What if a website could have you type your name and password,

have me type my name and password,

and then now the computer knows both of us are watching together

and it gives both of us credit for anything we do as a group.

Influencers feature rolled it out in a high school in San Francisco.

We had about 20 something users.

Where’s the teacher there?

Sacred Heart Cathedral Prep, the teacher is great.

I mean, guess what?

Zero people use this feature.

It turns out people studying online,

they want to watch the videos by themselves.

So you can play back, pause at your own speed rather than in groups.

So that was one example of a tiny lesson learned out of many

that allowed us to hone into the set of features.

It sounds like a brilliant feature.

So I guess the lesson to take from that is

there’s something that looks amazing on paper and then nobody uses it.

It doesn’t actually have the impact that you think it might have.

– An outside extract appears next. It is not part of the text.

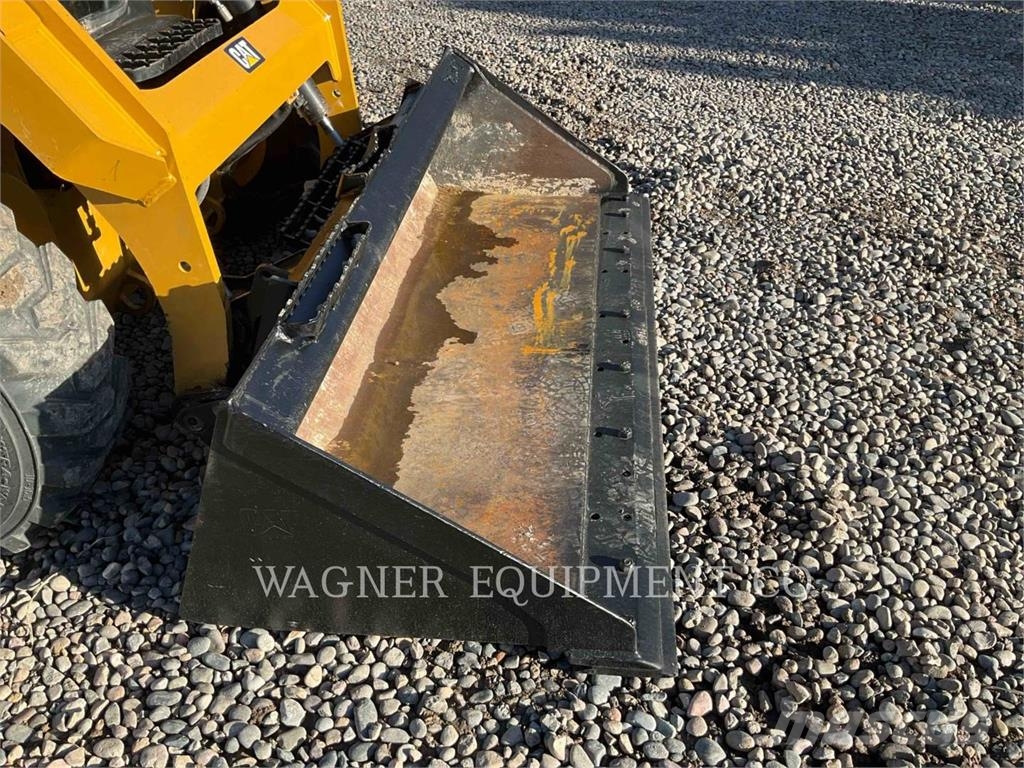 CAT 232D لوادر انزلاقية التوجيه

And so, yeah, I saw that you really went through a lot of different features

and a lot of ideas to arrive at Coursera,

the final kind of powerful thing that showed the world

that MOOCs can educate millions.

And I think with the whole machine learning movement as well,

I think it didn’t come out of nowhere.

Instead, what happened was as more people learn about machine learning,

they will tell their friends and their friends will see

how it’s applicable to their work.

And then the community kept on growing.

And I think we’re still growing.

I don’t know in the future what percentage of all developers

will be AI developers.

I could easily see it being north of 50%, right?

Because so many AI developers broadly construed,

not just people doing the machine learning modeling,

but the people building infrastructure, data pipelines,

all the software surrounding the core machine learning model

maybe is even bigger.

I feel like today almost every software engineer

has some understanding of the cloud.

Not all, but maybe this is my microcontroller developer

that doesn’t need to deal with the cloud.

But I feel like the vast majority of software engineers today

are sort of having an appreciation of the cloud.

I think in the future, maybe we’ll approach nearly 100% of all developers

being in some way an AI developer

or at least having an appreciation of machine learning.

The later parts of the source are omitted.